House History Research. We are house dectives who will research the history of your house.



Some past commissions

Upper Ridgeway Farm, Thursley Surrey

Upper Ridgeway Farm, Thursley, Surrey
Upper Ridgeway is a medieval timber-framed hall house. The earliest mention of the place is in a tax assessment of 1331 and the first specific reference to the farm itself can be found in the records of the Bishop of Winchester in 1522. The property was held from the Manor of Farnham, which was one of the bishop’s many manors, and the ownership of the farm can be traced from the fourteenth to the twentieth centuries.

More detailed information survives about of some of the owners and occupiers that give an insight into the way they lived at the farm.
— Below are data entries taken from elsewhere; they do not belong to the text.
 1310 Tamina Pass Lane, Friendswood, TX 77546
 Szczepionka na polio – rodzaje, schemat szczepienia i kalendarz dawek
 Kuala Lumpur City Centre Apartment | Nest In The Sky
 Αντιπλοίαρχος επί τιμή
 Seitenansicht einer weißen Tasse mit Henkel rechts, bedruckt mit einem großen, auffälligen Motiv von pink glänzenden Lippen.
The will and the inventory drawn up after Henry Boxfold's death in 1573 lists his belongings, details his farming interests and reveals that he had been living in what was, by then, his son’s house. During the nineteenth century, Upper Ridgeway was the home of John Keen who came to the farm in 1828. He worked the farm all his adult life and died there in 1893 aged 95 years. His account book survives that shows how he was running his business during his early years at the farm.

Upper Ridgeway is still farmed today and its area remains substantially the same as it was in the sixteenth century.
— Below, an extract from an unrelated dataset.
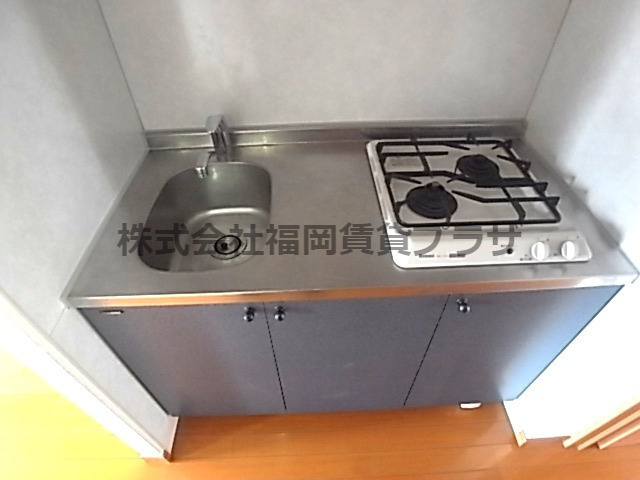 ラフォーレ西公園　10階のキッチン|別号室のものになります。現状優先になります。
Peperharow Road, Godalming

161 Peperharow Road, Godalming, Surrey
Peperharow Road was developed in the later nineteenth century and was to become a largely middle-class preserve with spacious villas, many of which were erected to house schoolmasters from Charterhouse School. However, there were also some small terraced cottages built at the far western end of the road that were to house manual workers and servants who worked at the school and elsewhere.
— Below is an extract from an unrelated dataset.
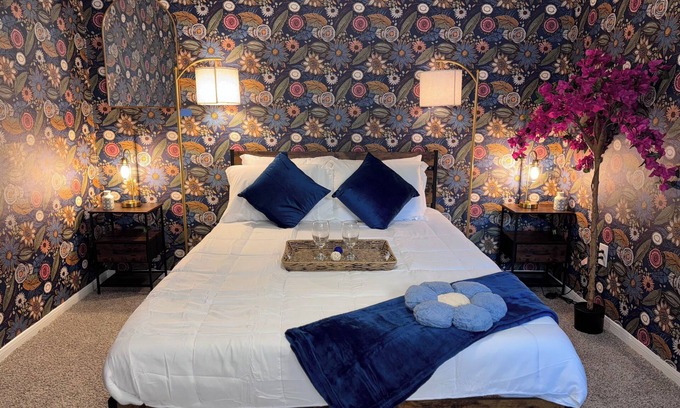 Pleasant Valley Appartement | Casa Bluebonnet - Apt in Austin with Gym, EV, pool, 8 mins to Downtown/Airport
The railway linking Godalming to London opened in 1849 and, over the next few decades, the town began to expand. The British Land Company laid out the road on the land of Deanery Farm in 1865 and periodically sold off small groups of building plots to individual private buyers. The plot on which number 161 came to be built was amongst the first to be sold by the company in August of that year and the terrace was complete and occupied by 1871.

The first occupants of the house were masons who were building the new Charterhouse School which was to move from London in 1875. Around the turn of the century, it become the home of William and Jane Truckle whose family were to remain at the house until 2005.



The Red Lion, Godalming

Red Lion, Godalming, Surrey
There has been an inn on the site of the Red Lion since the early years of the reign of Henry VIII. The prosperity of the inns in Godalming was based on the coaching traffic between London to Portsmouth and, being around the halfway mark, the town had its array of hostelries. At the back of the Red Lion there survives a first-floor gallery, a smaller version of the galleried yards of the London coaching inns. The coaching trade was killed by the railway in the mid nineteenth century and, for decades afterwards, the town inns were in the doldrums. About 1894 a new landlord, Thomas Myatt, came to the inn and he capitalised on trade brought by cyclists. Business thrived and the visitors' book from that period is full of sketches and complimentary comments about the quality of Myatt's inn and its fare.



Apple Tree Cottage, Elstead

Apple Tree Cottage, Elstead, Surrey
Apple Tree Cottage is a timber framed smoke-bay house that was built in 1591. The records of the manor of Farnham reveal that its first owner was Henry Wheeler who owned the house for nearly forty years. It remained in the same family until 1785 when William Wheeler fell upon hard times and sold the house to a builder. He divided it into two cottages and built a terrace of low-grade cottages in the back garden. Throughout the nineteenth century these were a part of the nearby farm and were the homes of agricultural workers. In 1939, the property was sold, the cottages in the garden were demolished and Apple Tree Cottage made one home once more.



Sir Roger Tichborne pub, Alfold Bars, Sussex

Sir Roger Tichborne, Alfold Bars, Sussex
The oldest part of the Sir Roger Tichborne, the pub at Alfold Bars, West Sussex, is a wing of a once much larger medieval house that was demolished during the late sixteenth century. The house has changed considerably since that time and it assumed its present appearance in the early nineteenth century when it was enlarged to accommodate the growing family of Robert Strudwick. He was a wheelwright and the property, the ancient name of which was Hipp and Waters, had been the heart of a wheel-making business since at least 1700. In 1873, the owner of the house, Charles Covey, bought a licence to sell beer and he named his new enterprise the Sir Roger Tichborne after a sensational court case of the time.